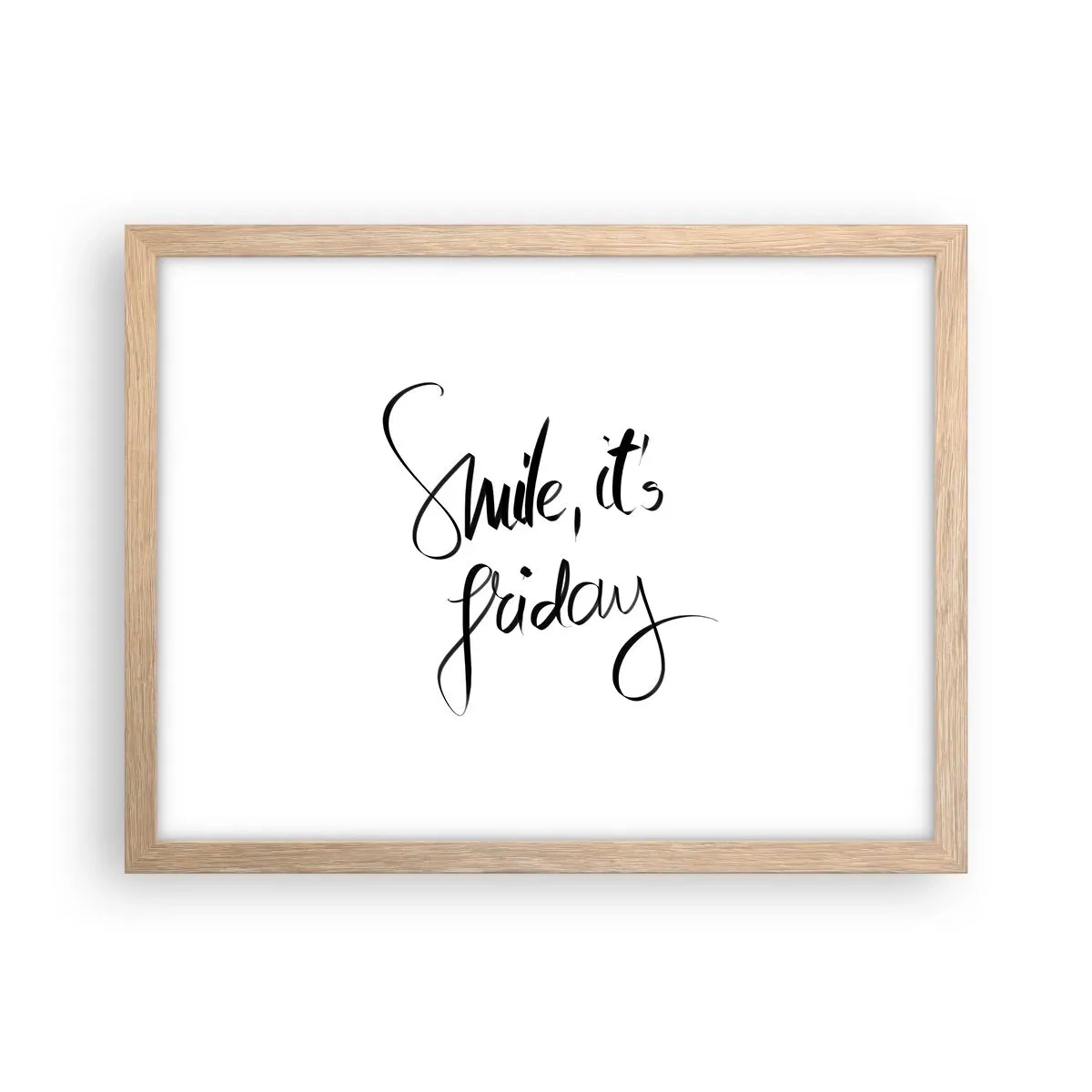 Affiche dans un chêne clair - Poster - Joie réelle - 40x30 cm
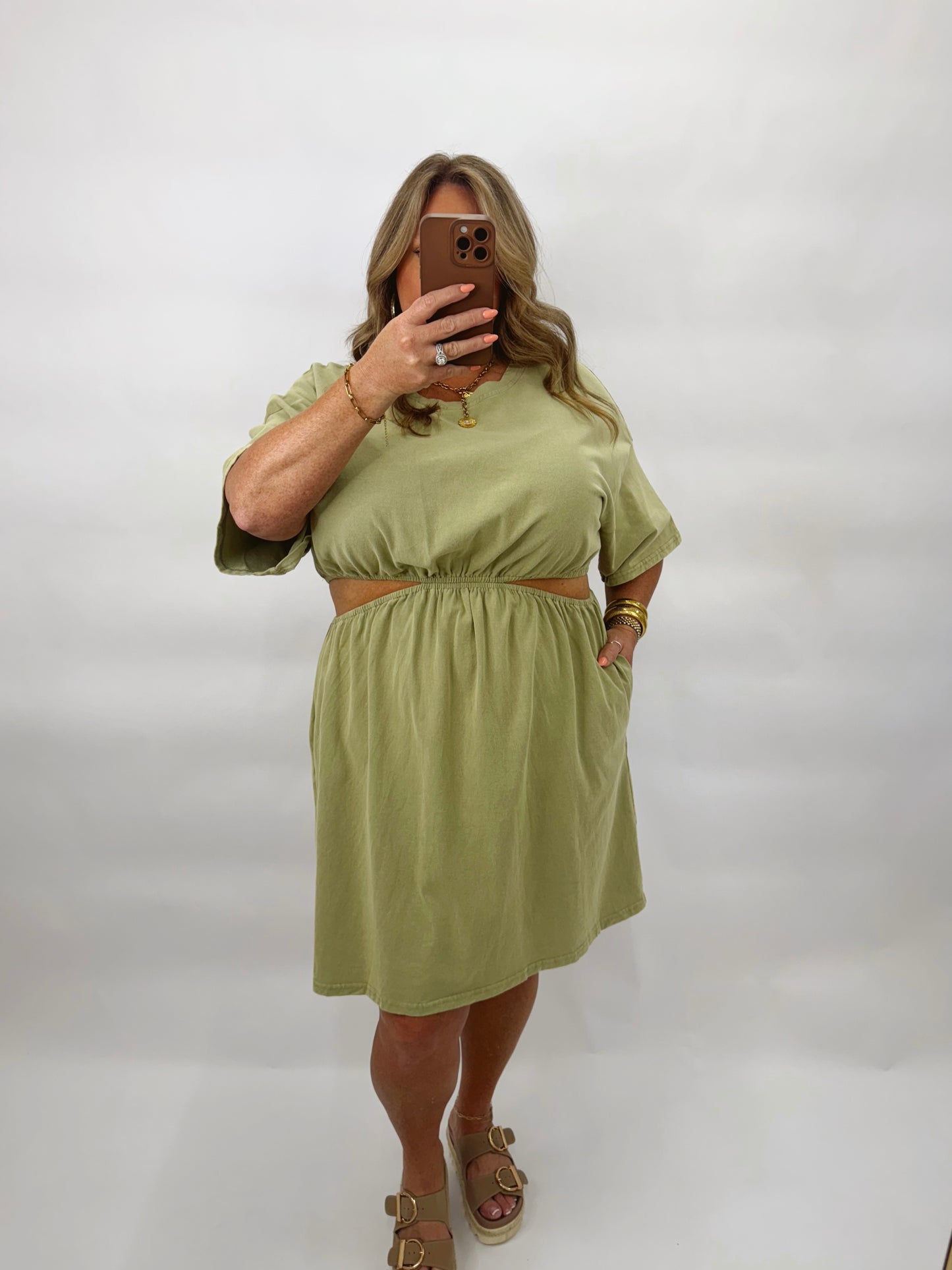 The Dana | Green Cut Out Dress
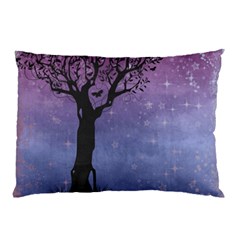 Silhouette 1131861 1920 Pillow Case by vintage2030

----------

Your task is to retype exactly, and only, the lines from the one that holds "The Dana | Green Cut Out Dress" through the end of the listing, both end lines included, without any pictures.

-- Task response --
 The Dana | Green Cut Out Dress
 Silhouette 1131861 1920 Pillow Case by vintage2030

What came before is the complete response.